Look through the data below for the line with "Nike Women's Dunk" and the line with "1 - Egyptian Gazette", then transcribe exactly from the first through the second, leaving out all pictures.

*** Material for this exercise ***

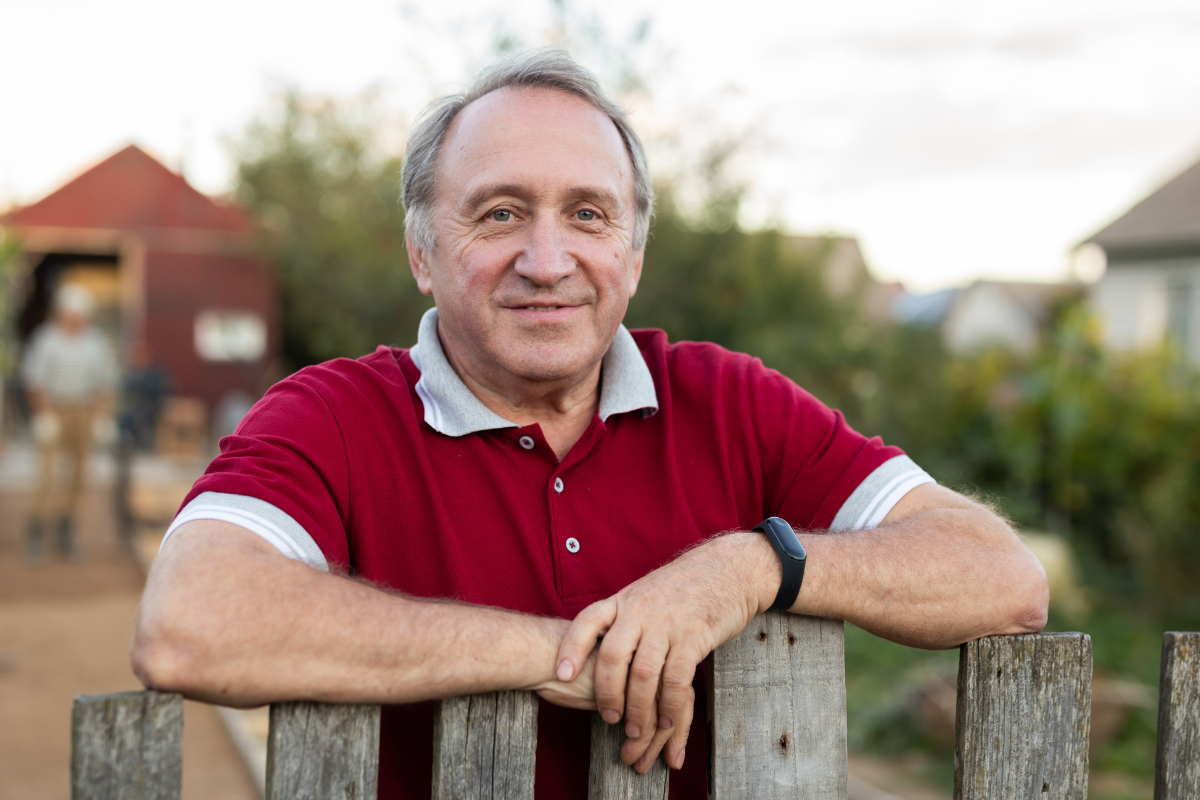 uśmiechnięty mężczyzna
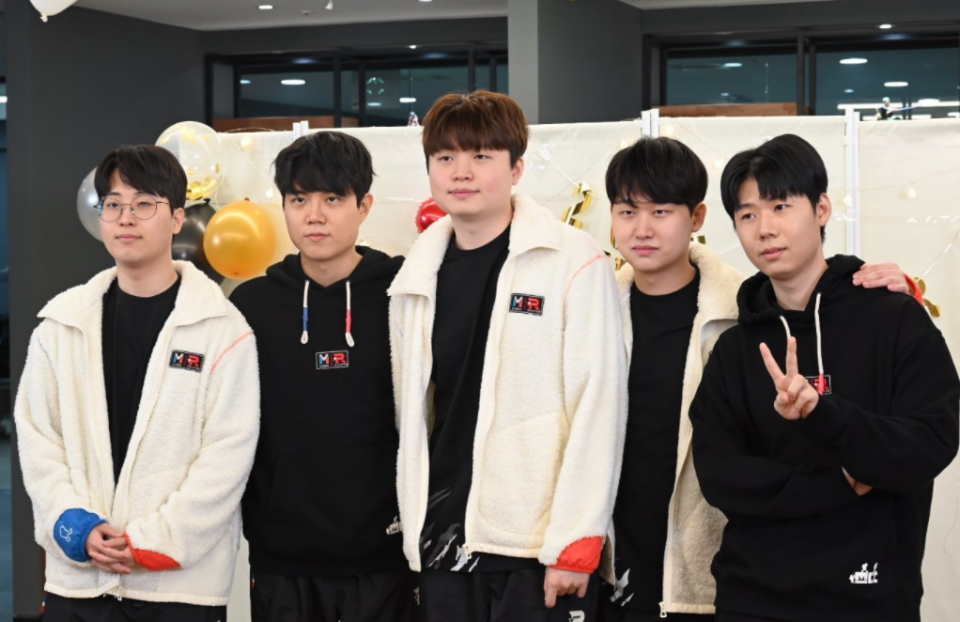 TSM横扫DFM，Gumayusi关键团战开团秒人焦点之战成都决赛之夜，锁定晋级资格的简单介绍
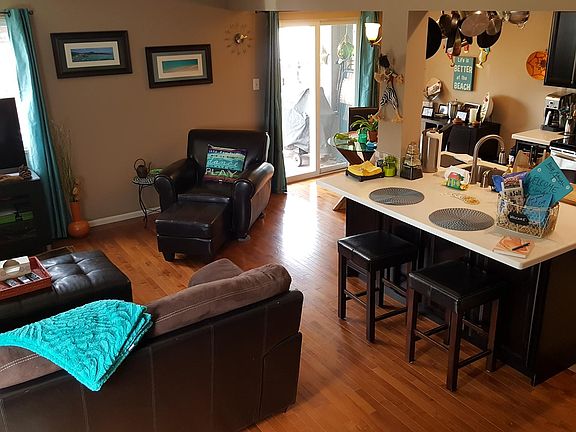 Fabulous Floor Plan for Entertaining!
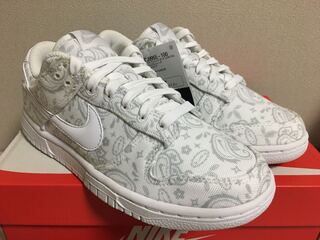 Nike Women's Dunk Low Ess "Ho Wight Paisley" Ho Wight/Gray Fog Ho Wight DJ9955-100 23cm
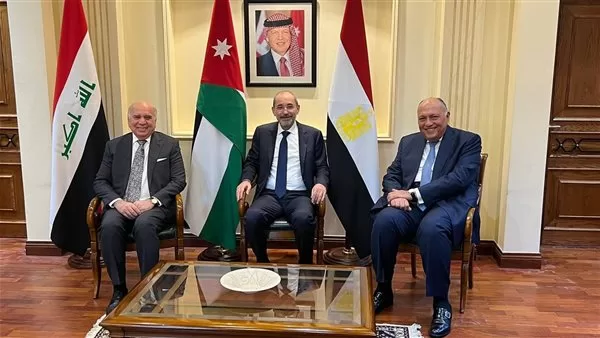 Egypt, Jordan, Iraq FMs discuss bolstering co-operation in economic, political spheres 2 - Egyptian Gazette Egypt, Jordan, Iraq FMs discuss bolstering co-operation in economic, political spheres 1 - Egyptian Gazette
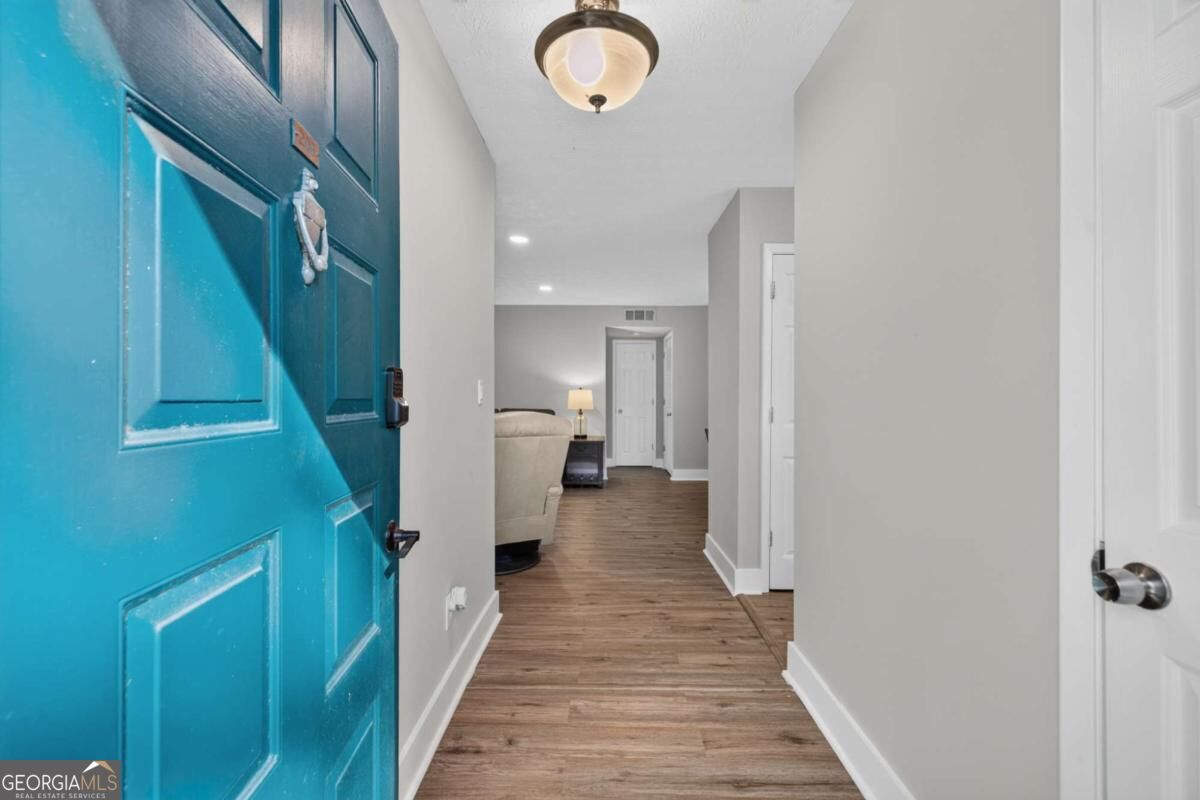 206 Wynnes Ridge Circle Se Property Photo 1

*** End of Material for this exercise ***

Output ->
 Nike Women's Dunk Low Ess "Ho Wight Paisley" Ho Wight/Gray Fog Ho Wight DJ9955-100 23cm
 Egypt, Jordan, Iraq FMs discuss bolstering co-operation in economic, political spheres 2 - Egyptian Gazette Egypt, Jordan, Iraq FMs discuss bolstering co-operation in economic, political spheres 1 - Egyptian Gazette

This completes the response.